Martinsville magic: Jeff Gordon wins to punch Chase ticket for Homestead
Jeff Gordon earned an automatic berth in NASCAR's championship race -- where he'll try to win a fifth title in his final season -- with a victory Sunday at Martinsville Speedway.
He has Matt Kenseth to thank for his spot in the final four of the Chase for the Sprint Cup championship.
Kenseth intentionally wrecked Joey Logano -- payback from an incident three races ago -- to take the race leader out with 47 laps remaining. Logano had the dominant car, and Kenseth, who was in an earlier wreck with Brad Keselowski, came back on the track 10 laps down and drove Logano into the wall.
Logano had led 207 of the 500 laps and was furious. His father, Tom, had to be pushed into the team hauler by the crew chief as the crowd cheered wildly in support of Kenseth.
Kenseth downplayed the incident, deadpanning it was a result of his earlier incident with Keselowski, who had led 143 laps as the two Team Penske teammates were the class of the field. Instead of celebrating a win and a spot in the Nov. 22 finale at Homestead-Miami Speedway, Logano is last in the eight-driver field and Keselowski is sixth.
Gordon, though, is in after his ninth career victory at Martinsville.
"We're going to Homestead!" he screamed.
The four-time NASCAR champion won for the first time this season and first time in 39 races. It was his 93rd career victory and put him in position to ride into retirement with the long coveted fifth title.
One of the greatest drivers in NASCAR history, he hasn't won a title since his 2001 championship. He celebrated the win by jumping around the frontstretch like a little boy on Christmas morning, then he jumped into the arms of his exuberant Hendrick Motorsports crew.
As he stood in Victory Lane, his two young children racing in for hugs, he couldn't contain his glee.
"It was a joke, I'm coming back next year!" he joked. "This is the sweetest, most amazing feeling."
He still had to earn the win after Logano was knocked from the race. Gordon had to chase down AJ Allmendinger and Denny Hamlin on a restart, then hold off Jamie McMurray on a restart with two laps remaining.
There are two races remaining for the rest of the final four to be set, and Logano has a lot of work to do to make it back to the championship for the second year.
He was racing for his fourth consecutive victory, but there was a looming suspicion that Kenseth would get in the way.
Kenseth had been leading in the closing laps three weeks ago at Kansas Speedway when Logano spun him out of the way for the win. Kenseth has been furious since, and was eliminated last week from the Chase.

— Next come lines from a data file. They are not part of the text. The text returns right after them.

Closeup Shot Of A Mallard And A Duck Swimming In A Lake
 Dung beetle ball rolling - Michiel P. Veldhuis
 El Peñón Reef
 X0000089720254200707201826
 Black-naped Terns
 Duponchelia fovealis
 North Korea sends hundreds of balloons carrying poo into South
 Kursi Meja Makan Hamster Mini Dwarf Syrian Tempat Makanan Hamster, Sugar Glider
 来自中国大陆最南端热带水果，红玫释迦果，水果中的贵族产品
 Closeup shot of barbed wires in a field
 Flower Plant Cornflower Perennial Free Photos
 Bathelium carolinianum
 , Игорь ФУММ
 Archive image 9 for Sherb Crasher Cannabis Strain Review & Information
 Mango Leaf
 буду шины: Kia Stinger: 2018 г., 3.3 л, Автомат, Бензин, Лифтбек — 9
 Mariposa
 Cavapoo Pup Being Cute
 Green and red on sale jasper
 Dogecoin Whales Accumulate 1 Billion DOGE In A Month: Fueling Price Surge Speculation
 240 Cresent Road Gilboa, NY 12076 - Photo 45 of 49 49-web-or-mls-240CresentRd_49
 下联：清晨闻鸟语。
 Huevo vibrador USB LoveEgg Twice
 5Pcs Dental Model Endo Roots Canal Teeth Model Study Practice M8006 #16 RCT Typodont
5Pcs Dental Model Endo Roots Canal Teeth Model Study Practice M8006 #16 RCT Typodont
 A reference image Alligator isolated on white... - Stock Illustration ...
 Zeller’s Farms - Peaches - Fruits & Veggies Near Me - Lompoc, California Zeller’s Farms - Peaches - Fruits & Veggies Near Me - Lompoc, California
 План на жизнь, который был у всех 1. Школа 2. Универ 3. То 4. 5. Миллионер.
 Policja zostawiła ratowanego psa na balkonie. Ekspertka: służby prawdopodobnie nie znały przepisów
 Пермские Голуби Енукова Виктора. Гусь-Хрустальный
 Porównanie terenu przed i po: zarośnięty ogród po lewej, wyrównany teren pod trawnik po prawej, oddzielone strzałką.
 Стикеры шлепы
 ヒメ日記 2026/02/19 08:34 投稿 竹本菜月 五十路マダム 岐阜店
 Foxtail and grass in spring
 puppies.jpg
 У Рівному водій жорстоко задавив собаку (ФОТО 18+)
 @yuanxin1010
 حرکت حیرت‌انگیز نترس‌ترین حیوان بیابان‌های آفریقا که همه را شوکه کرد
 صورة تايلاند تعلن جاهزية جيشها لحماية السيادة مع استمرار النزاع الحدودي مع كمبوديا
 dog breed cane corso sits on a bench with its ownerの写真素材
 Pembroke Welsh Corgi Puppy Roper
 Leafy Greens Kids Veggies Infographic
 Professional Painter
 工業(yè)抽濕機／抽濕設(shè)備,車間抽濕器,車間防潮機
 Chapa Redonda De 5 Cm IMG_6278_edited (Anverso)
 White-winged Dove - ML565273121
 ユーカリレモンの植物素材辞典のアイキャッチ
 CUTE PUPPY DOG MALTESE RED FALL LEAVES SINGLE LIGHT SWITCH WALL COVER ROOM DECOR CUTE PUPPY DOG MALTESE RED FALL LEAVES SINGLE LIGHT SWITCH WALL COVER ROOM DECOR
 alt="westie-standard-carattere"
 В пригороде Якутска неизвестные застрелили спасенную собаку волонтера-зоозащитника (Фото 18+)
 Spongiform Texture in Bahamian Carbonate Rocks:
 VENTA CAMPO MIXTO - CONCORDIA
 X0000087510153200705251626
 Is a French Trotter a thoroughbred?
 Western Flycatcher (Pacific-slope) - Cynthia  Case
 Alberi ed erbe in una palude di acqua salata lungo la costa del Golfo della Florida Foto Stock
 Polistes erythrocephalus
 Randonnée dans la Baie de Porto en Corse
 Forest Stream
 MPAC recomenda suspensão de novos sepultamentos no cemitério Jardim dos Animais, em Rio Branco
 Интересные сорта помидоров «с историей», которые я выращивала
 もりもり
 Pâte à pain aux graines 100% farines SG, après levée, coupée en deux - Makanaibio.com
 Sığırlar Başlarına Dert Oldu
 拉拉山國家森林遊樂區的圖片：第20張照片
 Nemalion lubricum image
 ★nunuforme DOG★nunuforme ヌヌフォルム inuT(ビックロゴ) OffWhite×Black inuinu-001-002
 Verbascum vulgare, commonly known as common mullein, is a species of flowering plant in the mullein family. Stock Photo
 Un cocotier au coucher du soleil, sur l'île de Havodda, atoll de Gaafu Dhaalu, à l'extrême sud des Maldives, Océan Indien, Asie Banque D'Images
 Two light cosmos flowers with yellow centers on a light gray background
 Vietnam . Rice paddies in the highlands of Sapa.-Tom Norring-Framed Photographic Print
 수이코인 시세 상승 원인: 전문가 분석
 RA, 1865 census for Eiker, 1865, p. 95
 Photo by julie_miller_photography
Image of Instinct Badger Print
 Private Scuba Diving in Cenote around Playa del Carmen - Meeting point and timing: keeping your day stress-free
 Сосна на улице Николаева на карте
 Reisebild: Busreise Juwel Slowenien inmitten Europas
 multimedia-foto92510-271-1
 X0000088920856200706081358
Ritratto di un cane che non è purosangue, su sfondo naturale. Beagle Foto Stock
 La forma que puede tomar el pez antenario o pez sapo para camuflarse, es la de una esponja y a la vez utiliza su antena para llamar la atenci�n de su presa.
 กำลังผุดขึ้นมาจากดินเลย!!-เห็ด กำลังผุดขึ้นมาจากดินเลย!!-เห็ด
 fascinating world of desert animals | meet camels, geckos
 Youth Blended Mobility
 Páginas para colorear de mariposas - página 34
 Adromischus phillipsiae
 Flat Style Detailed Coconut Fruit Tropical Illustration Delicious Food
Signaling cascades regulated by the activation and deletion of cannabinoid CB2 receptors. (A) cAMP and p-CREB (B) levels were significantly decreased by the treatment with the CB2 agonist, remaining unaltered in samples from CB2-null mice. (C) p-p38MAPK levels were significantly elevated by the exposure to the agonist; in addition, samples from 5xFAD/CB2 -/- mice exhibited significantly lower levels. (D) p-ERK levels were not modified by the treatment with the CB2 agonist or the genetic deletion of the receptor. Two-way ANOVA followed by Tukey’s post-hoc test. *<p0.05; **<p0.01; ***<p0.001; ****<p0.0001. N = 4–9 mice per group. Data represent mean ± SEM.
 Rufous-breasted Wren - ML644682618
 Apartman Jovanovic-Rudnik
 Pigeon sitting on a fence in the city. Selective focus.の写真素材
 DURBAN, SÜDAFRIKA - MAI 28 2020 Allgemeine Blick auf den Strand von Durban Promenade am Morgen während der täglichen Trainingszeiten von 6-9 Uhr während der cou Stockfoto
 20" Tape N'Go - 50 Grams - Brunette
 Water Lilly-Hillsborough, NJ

Logano felt Kenseth's move was dirty.
"I think what happened at Kansas is a completely different deal. We were racing for the win and he blocks you a few times and then we raced hard and he blocked me the last time and we spun out," Logano said. "Here it was just a complete coward move, especially for a championship race car driver and race team. Just a complete coward. I don't have anything else to say. It's a chicken-you-know-what move to completely take out the leader when your race is over."
The two drivers have not talked since Kansas, and even though they were in the care center together after the accident, there was no conversation.
"They won't let me get to him," Logano said of NASCAR.
Kenseth tried hard to dismiss Sunday's accident as a byproduct of earlier contact with Keselowski -- a wreck that sent both Kenseth and Keselowski to the garage. But he was summoned to the NASCAR hauler after the race for a meeting that his crew chief and car owner Joe Gibbs attended.
Kenseth eventually revealed why the wreck happened at Martinsville, the first of three races to set the championship field.
"He's got a couple races left, he's got the best car, he might get a couple of wins here and still have a shot at it," Kenseth said. He also indicated that payback had to be done.
"You never like to be in these situations. They really stink, to be honest with you, but sometimes you get put in these spots and you've got to try to keep respect in the garage area," Kenseth said.